'Wisdom of grandparents” should shape farming

The government is putting the focus on improving soil health as part of its plan to re-shape the farming landscape, now that the UK has left the EU.

As part of the post-Brexit subsidy system, it has announced (June 30th) that farmers will be able to earn up to £70 per hectare for “actions to improve the health of their soil.”

This is a boost to farmers who support “regenerative farming”, an approach which puts nature and climate change at the heart of their enterprise.

Peter Greig owns Pipers Farm in Devon. He and his wife Henry have been farming in this way for 32 years.

He describes it as farming the land how it was 100 years ago, before the post-war intensification of agriculture.

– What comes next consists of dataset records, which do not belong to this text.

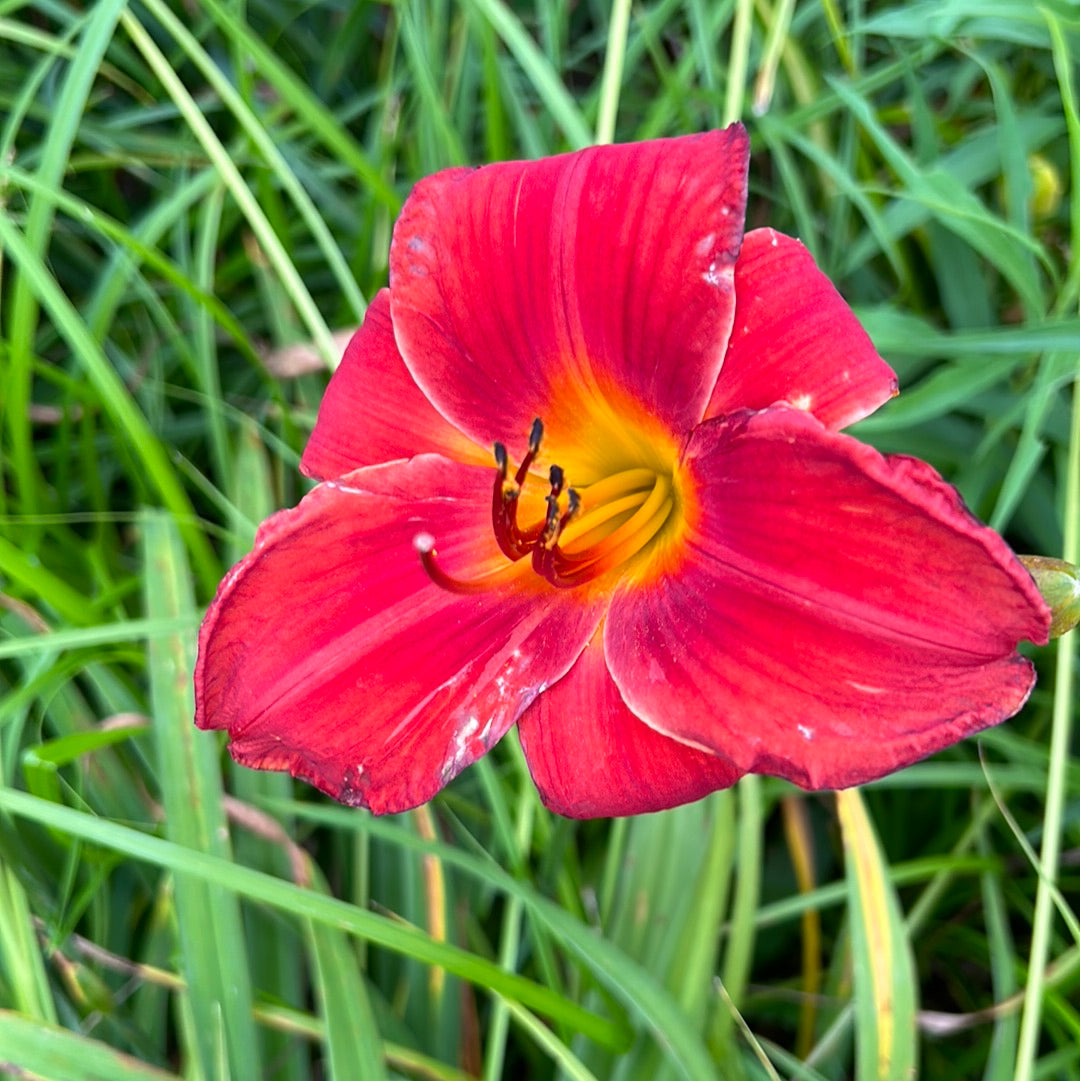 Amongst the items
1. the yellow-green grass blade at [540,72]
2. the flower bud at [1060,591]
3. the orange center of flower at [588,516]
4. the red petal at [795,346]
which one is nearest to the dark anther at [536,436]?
the orange center of flower at [588,516]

Animals are treated in a more humane way, which means that antibiotics and other synthetic chemicals are avoided. He says it produces food which is more nutrient rich, so is healthier, and tastes better.

“Farming has completely moved away from the basic common sense of working in harmony with nature, to produce nutrient dense food, to producing massive quantities of an industrial commodity which is so destructive to the natural world, and does not deliver the building blocks of human nutrition.”

Peter now works with around forty family farms in the Devon valley. He is trying to encourage “young blood” on to these family farms, so they can “put in to action the wisdom handed down from their grandparents.”

“They had no alternatives. They didn’t have the chemicals. They didn’t have that big machines. They didn’t have the industrial fertilisers … and that is the right way to feed the world.”

However, there are challenges in adopting this approach.

Snell brothers

The Snell family has been farming in Devon for 100 years

Brothers John and Mark Snell, in their 30s, used to intensively produce milk. Now they rear turkeys and pigs for Piper’s Farm.

John said farming was on “a knife edge”, and that there would always be a need for industrial farming.

“There aren’t enough farmers … We won’t feed the population without industrial farming, it’s going to be somewhere. It’s better off here where the welfare is better, rather than importing everything where you don’t know how it’s reared.”

pigs

On the Snell’s farm pigs and piglets are allowed to roam freely

Mark said the key to the farming system was food waste. He said everyone would like to farm regeneratively if they could, but there wasn’t “a hope in hell” that you could feed the world on it.

“Not with how people live and how people treat food … people don’t have respect for it. It’s too cheap. It’s driven farmers to industrial farming, which is why they get a bad rap. Farmers get a bad rap but it’s the general public and the government that has driven it. People talk about poverty, but if you chuck away any food then sorry but you aren’t poor.”

Bee on clover

Bee on clover

However, Sue Pritchard is Chief Executive of the Food, Farming and Countryside Commission said there was “hundreds of years of science” behind regenerative farming. It wasn’t “a hippy side-show.”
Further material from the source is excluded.